The returning master’s delight in these servants is evident. His trust has been well rewarded and they are rewarded, too. These servants gain a greater share both in the master’s work of managing his resources and in his joy at the abundance of growth created.
This sense of expansiveness and generosity is absent from the third servant, who has hidden and hoarded his master’s goods. He has been inactive on his master’s behalf, shunning accountability for what has been given. He even attributes his own meanness of spirit to his master, accusing him of being harsh and exploitative, as an excuse for shrinking back into himself and refusing his master’s commission. The servant has shown that he wants nothing of the invitation to be part of the life of the master’s estate. So the stewardship that he regarded as a liability, not a privilege, is taken away; he no longer belongs in his master’s house.

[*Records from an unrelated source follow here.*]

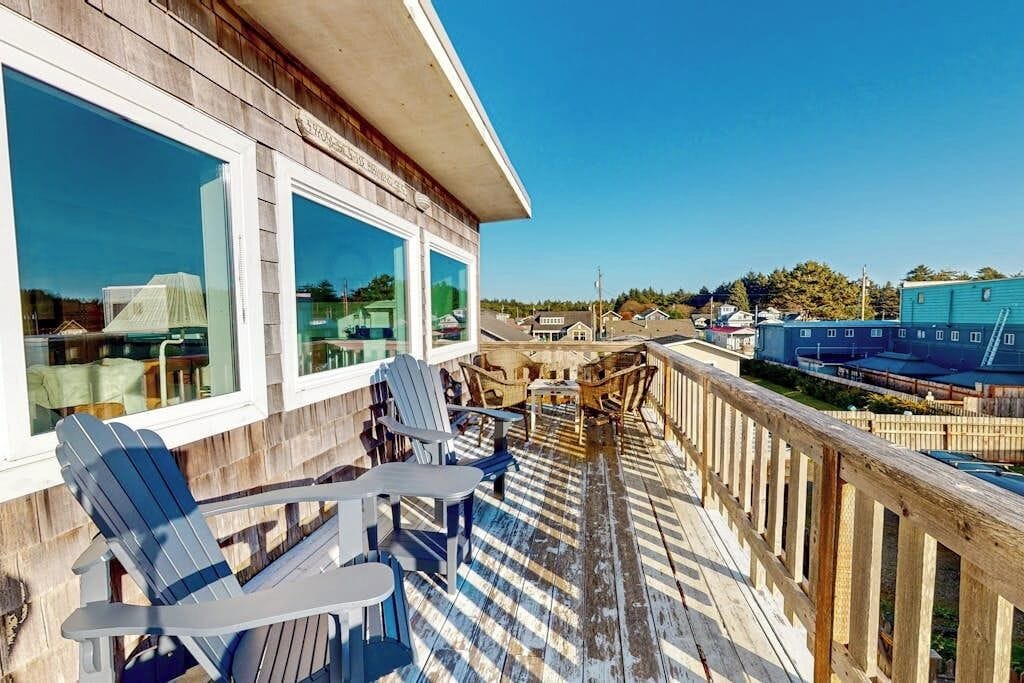 A wooden deck with Adirondack chairs and a view of a town.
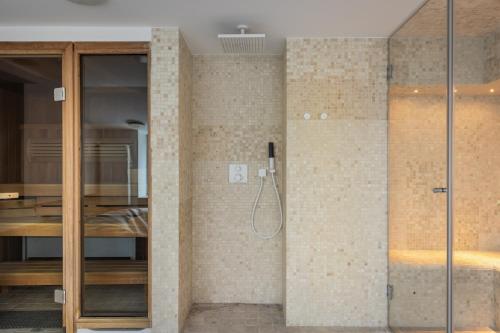 bagno con doccia e porta in vetro di Boutique Penthouse a Vilnius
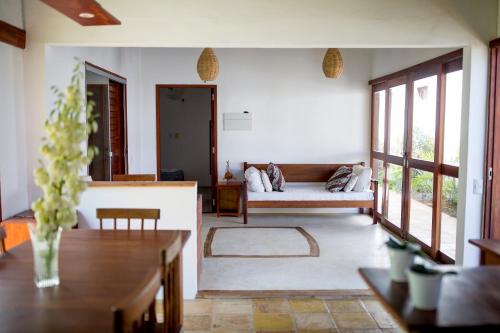 a living room with a couch and a table at Tropical House - Villa com piscina perto do mar in Jericoacoara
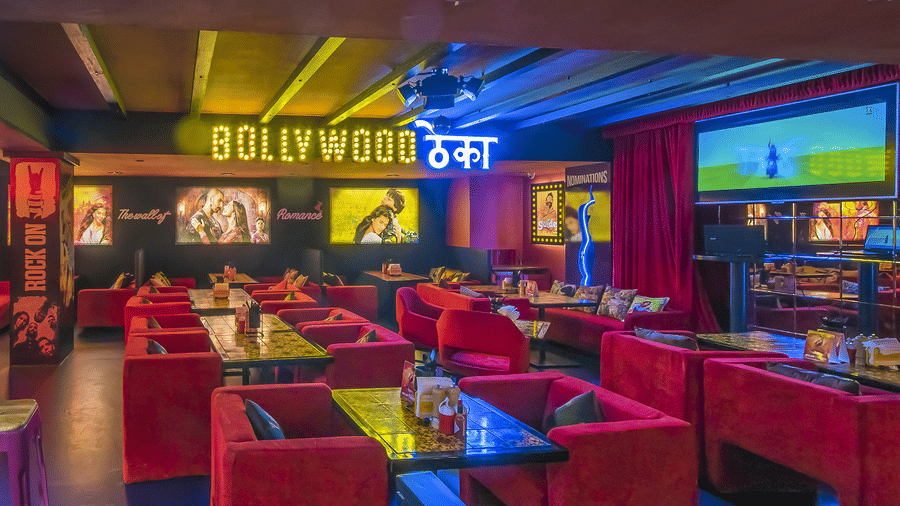 A restaurant interior with red sofas, wall posters and a glowing signboard reading 'BOLLYWOOD ????' at Infiniti Hotel, Indore.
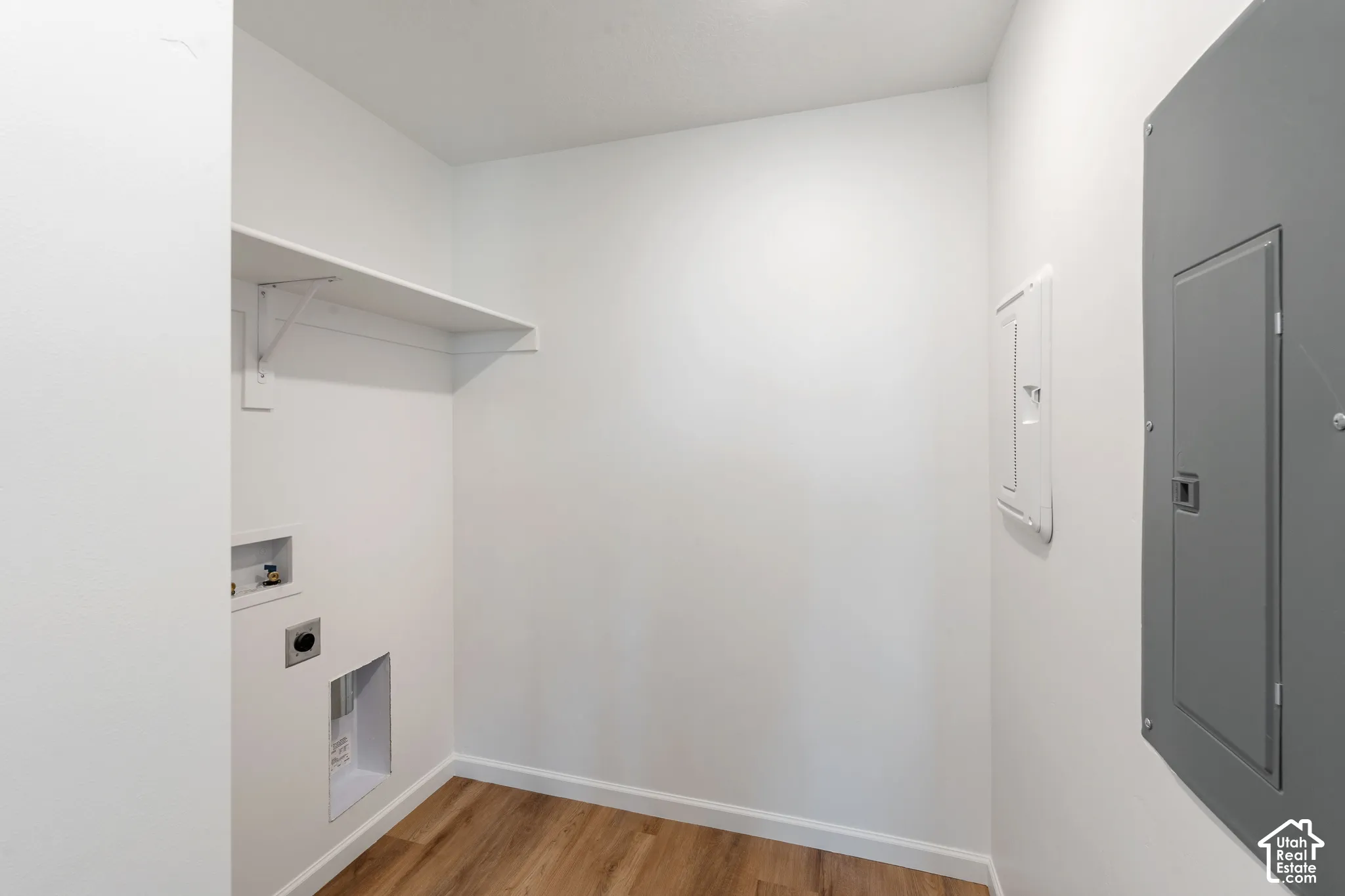 Picture from another model and for example only. Laundry room with wood-finish flooring and integrated shelving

Jesus tells this story on the brink of his passion, and in the context of his ultimate return at the end of the age. When God comes among his people, through his prophets or in person, he entrusts them with his resources to use for the sake of his kingdom. Like all good stories, Jesus’ parable poses a question for his hearers: how are they using what their heavenly master has given, even in his apparent absence? Have they faithfully offered his word and worked to grow God’s kingdom, or have they sat tight and buried his message in the ground? What will they have to show the master when he returns?
As God’s people awaiting Christ’s return, what has the master entrusted to us: material advantages, gifts, skills, time, opportunity? Whatever we have been given, it comes with a call to put the master’s resources to work for his glory and others’ blessing. As you know, we have recently started a youth club for 7-11's - 6 people offering their time and their love and their care for children - and we have seen the need there is with some 35 children already signed up. Jesus parable highlights that not all are given identical talents. What particular ones have you been given that can be used to help grow God’s kingdom as we seek to grow over the coming years?

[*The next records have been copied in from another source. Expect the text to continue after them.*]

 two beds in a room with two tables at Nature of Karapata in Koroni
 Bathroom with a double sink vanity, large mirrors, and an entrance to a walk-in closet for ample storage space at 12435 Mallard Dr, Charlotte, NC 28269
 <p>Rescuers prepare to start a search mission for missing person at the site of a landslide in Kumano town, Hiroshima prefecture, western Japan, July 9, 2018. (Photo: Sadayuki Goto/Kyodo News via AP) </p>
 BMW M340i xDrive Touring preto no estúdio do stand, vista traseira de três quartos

Living as the master’s stewards involves an active response, putting ourselves out to make a start, perhaps being creative with a new enterprise. It will mean persevering when it seems as though the master has not been around for some time. We will have to come out of our comfort zones and take some risks.
I have asked for the Mission Action Plan response forms to be returned on or before Advent Sunday - please use these to help us discern where the needs are for both the church and the community we are called to serve in God's name.
We do this because God himself has already taken the ultimate risk in unconditionally sending his Son to die for our salvation. How will we share that love unconditionally today?